Ngrok was really cool since I never thought about reverse proxying my localhost before l tried it.

But for the price of ngrok I'm paying for a domain and a 2gb ram/2 CPU VM on hetzner and using SSH tunnels to nginx reverse proxy.

And setting up a shared server for a team with subdomains is just 10 mins of config changes per user - no way they can justify the cost for me.

If it was some symbolic price like 20$/year then I wouldn't bother, otherwise I'll take the VM I can load other random dev crap to when I need it.

And you're using standard web tech to set this up - if you aren't familiar with something required to set this up you will be better off learning it in the long run (if you're the target audience for ngrok) : VM setup, nginx, reverse proxy, SSH tunneling, let's encrypt, domain management/DNS - all valuable fundamental skills to acquire on a small project.

Do you ever run into performance issues with the shared machines at the low end?

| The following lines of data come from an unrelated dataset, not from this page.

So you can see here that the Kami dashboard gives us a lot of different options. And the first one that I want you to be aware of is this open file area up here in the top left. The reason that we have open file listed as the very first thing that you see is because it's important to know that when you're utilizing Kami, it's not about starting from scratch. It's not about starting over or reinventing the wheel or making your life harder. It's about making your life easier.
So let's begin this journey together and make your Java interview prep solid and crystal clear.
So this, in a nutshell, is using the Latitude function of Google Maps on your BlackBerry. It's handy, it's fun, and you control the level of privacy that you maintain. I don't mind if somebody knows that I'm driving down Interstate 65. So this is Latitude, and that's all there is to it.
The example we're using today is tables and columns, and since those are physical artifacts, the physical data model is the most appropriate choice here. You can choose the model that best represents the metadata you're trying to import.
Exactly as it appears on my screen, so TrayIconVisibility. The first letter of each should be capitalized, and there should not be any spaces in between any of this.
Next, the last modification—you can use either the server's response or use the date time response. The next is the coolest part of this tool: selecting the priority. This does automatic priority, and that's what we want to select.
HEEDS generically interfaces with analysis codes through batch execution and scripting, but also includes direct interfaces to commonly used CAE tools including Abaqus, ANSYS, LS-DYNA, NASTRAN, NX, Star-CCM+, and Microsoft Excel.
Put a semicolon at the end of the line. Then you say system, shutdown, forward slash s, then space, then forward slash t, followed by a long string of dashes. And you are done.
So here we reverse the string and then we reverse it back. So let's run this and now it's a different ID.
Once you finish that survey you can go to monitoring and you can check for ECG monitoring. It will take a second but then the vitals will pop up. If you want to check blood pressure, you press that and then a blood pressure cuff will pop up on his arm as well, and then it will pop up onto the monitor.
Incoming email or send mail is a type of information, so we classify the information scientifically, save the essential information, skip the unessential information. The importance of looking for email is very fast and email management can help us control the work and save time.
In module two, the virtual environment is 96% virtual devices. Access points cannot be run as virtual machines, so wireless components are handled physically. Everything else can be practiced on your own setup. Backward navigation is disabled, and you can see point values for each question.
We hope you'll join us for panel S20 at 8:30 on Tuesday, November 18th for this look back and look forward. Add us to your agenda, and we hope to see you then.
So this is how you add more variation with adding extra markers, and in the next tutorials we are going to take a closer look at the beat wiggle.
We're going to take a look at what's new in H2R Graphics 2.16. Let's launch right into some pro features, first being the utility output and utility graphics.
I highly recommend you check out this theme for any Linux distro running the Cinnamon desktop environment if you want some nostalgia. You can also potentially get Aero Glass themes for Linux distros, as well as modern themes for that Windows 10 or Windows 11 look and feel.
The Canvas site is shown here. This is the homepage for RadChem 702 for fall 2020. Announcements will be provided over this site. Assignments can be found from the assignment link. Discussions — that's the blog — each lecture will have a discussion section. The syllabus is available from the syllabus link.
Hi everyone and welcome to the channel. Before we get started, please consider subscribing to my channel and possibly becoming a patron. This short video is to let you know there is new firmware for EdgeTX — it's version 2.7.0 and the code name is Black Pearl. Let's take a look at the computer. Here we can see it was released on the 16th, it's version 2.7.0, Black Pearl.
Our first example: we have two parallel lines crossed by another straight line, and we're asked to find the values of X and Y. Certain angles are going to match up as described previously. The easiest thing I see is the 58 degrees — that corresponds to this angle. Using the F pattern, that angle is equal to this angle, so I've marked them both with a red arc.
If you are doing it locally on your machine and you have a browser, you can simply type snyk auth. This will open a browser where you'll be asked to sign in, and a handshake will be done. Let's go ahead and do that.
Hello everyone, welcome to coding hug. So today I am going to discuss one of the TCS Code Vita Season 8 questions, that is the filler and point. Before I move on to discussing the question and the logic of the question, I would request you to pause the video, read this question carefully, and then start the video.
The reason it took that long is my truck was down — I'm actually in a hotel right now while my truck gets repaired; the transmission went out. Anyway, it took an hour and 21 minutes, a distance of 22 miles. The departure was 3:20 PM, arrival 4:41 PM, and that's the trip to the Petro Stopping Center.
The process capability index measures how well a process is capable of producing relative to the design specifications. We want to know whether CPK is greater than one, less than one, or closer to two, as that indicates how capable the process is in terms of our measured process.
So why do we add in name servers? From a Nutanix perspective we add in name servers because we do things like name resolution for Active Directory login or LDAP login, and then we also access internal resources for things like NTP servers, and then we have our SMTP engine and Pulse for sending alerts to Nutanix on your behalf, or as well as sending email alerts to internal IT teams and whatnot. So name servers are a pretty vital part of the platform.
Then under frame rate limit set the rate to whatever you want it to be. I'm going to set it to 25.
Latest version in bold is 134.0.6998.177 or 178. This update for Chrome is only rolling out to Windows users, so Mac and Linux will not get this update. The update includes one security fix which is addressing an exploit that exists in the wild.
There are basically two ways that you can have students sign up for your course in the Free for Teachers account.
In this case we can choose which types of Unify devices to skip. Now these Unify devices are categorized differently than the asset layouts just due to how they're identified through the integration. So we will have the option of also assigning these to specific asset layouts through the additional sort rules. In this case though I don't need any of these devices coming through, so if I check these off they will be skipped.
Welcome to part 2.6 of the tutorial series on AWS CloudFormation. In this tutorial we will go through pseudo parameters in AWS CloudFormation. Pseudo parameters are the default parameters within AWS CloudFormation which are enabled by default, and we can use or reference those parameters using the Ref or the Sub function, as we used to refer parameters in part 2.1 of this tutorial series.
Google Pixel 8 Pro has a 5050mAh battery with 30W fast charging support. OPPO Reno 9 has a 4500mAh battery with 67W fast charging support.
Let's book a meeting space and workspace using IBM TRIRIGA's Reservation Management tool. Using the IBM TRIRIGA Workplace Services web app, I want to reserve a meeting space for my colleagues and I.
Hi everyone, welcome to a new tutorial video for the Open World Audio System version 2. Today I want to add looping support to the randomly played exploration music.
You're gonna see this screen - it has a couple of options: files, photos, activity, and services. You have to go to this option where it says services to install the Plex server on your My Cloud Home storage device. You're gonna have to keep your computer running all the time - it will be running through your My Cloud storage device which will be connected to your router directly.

I've found the shared CPUs can be a little iffy under load but if you're basically running reverse proxying only it must not be an issue

Also do you think you'd pay $40/year? that's less than what you're paying Hetzner for no management.

I've been running stuff like code server [1] for some workshop I held recently and I was building simple .NET projects there without any issues.

I wouldn't pay $40/year because the value of having a random instance up with domain/ssl and nginx running all the time has been handy many times so far - worth way more than what I pay for the machine. At this point ngrok would be a downgrade for my use case, but if it was something like 20$/year when I was looking into it I probably wouldn't have bothered setting it up.